可以使用上一篇文章的公共函数,写好标量算法的基准测试代码。源代码如下。
[Benchmark(Baseline = true)] public void Scalar() { ScalarDo(_sourceBitmapData, _destinationBitmapData, 0); } [Benchmark] public void ScalarParallel() { ScalarDo(_sourceBitmapData, _destinationBitmapData, 1); } public static unsafe void ScalarDo(BitmapData src, BitmapData dst, int parallelFactor = 0) { int width = src.Width; int height = src.Height; int strideSrc = src.Stride; int strideDst = dst.Stride; byte* pSrc = (byte*)src.Scan0.ToPointer(); byte* pDst = (byte*)dst.Scan0.ToPointer(); int processorCount = Environment.ProcessorCount; int batchSize = 0; if (parallelFactor > 1) { batchSize = height / (processorCount * parallelFactor); } else if (parallelFactor == 1) { if (height >= processorCount) batchSize = 1; } bool allowParallel = (batchSize > 0) && (processorCount > 1); if (allowParallel) { int batchCount = (height + batchSize - 1) / batchSize; // ceil((double)length / batchSize) Parallel.For(0, batchCount, i => { int start = batchSize * i; int len = batchSize; if (start + len > height) len = height - start; byte* pSrc2 = pSrc + start * strideSrc; byte* pDst2 = pDst + start * strideDst; ScalarDoBatch(pSrc2, strideSrc, width, len, pDst2, strideDst); }); } else { ScalarDoBatch(pSrc, strideSrc, width, height, pDst, strideDst); } }
二、向量算法
2.1 算法思路
对于24位转8位灰度,可以使用这种办法: 每次从源位图读取3个向量,进行3-元素组的解交织运算,得到 R,G,B 平面数据。
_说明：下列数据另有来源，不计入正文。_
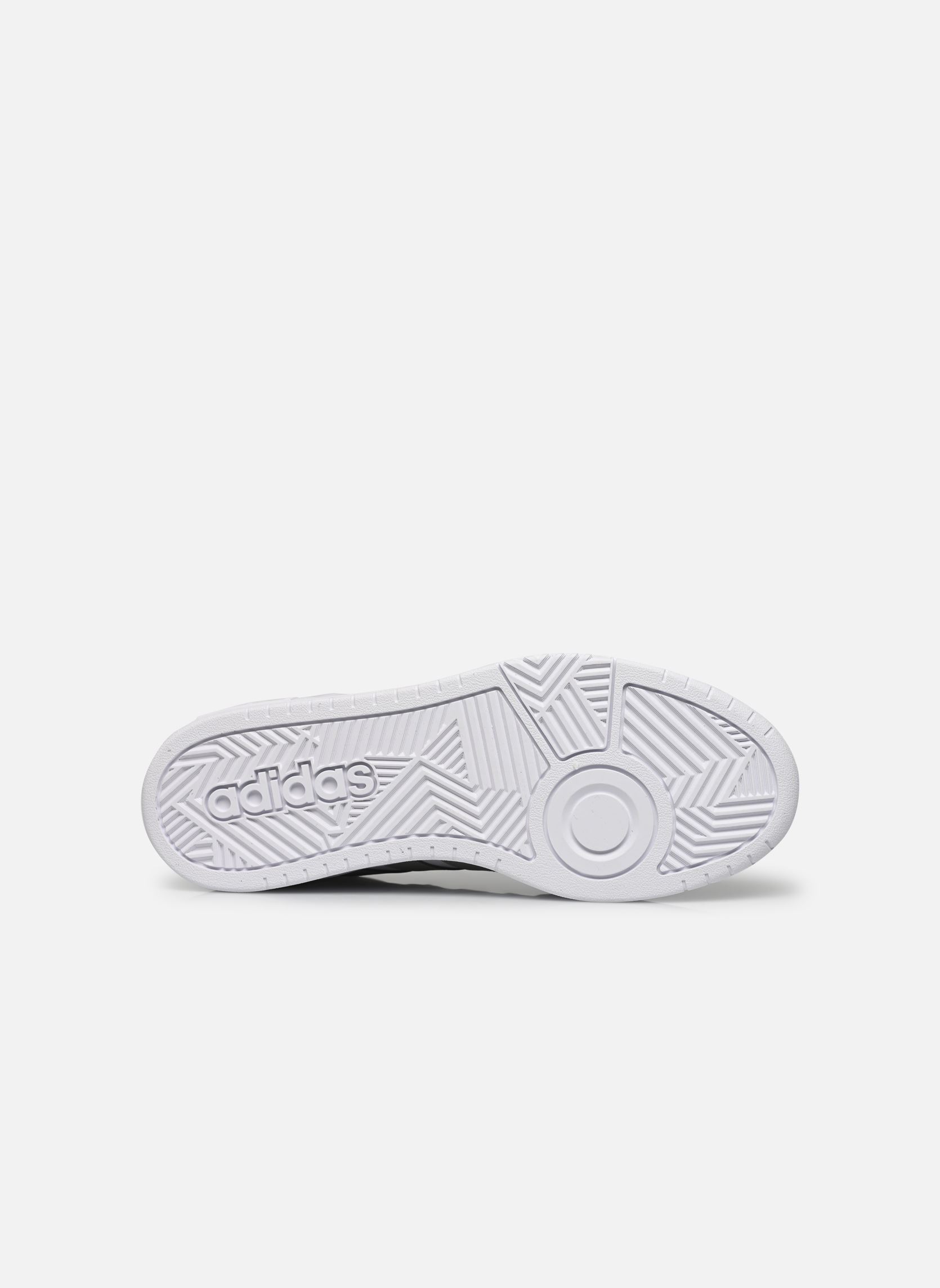 Knöchelhohe Sneaker Hoops 3.0 Mid M herren weiß adidas sportswear Knöchelhohe Sneaker Hoops 3.0 Mid M herren weiß FTWWHT/METGRY/GREONE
随后使用向量化的乘法与加法,来计算灰度值。最后将存储了灰度值的那一个向量,进行3-元素组的交织运算,便能存储到目标位图。
它与“Bgr24彩色位图转为Gray8灰度位图”向量算法的区别,在于最后需做“3-元素组的交织运算”。
例如 Sse指令集使用的是128位向量,此时1个向量为16字节。每次从源位图读取3个向量,就是读取了48字节,即16个RGB像素。最后将灰度向量做“3-元素组的交织运算”,结果是3个向量。将那3个向量存储到目标位图,就是写入了48字节,即16个RGB像素。
对于3-元素组的交织,可以使用 shuffle 类别的指令来实现。例如对于X86架构的 128位向量,可以使用 SSSE3 的 _mm_shuffle_epi8 指令,它对应 NET 中的 Ssse3.Shuffle
方法。源代码如下。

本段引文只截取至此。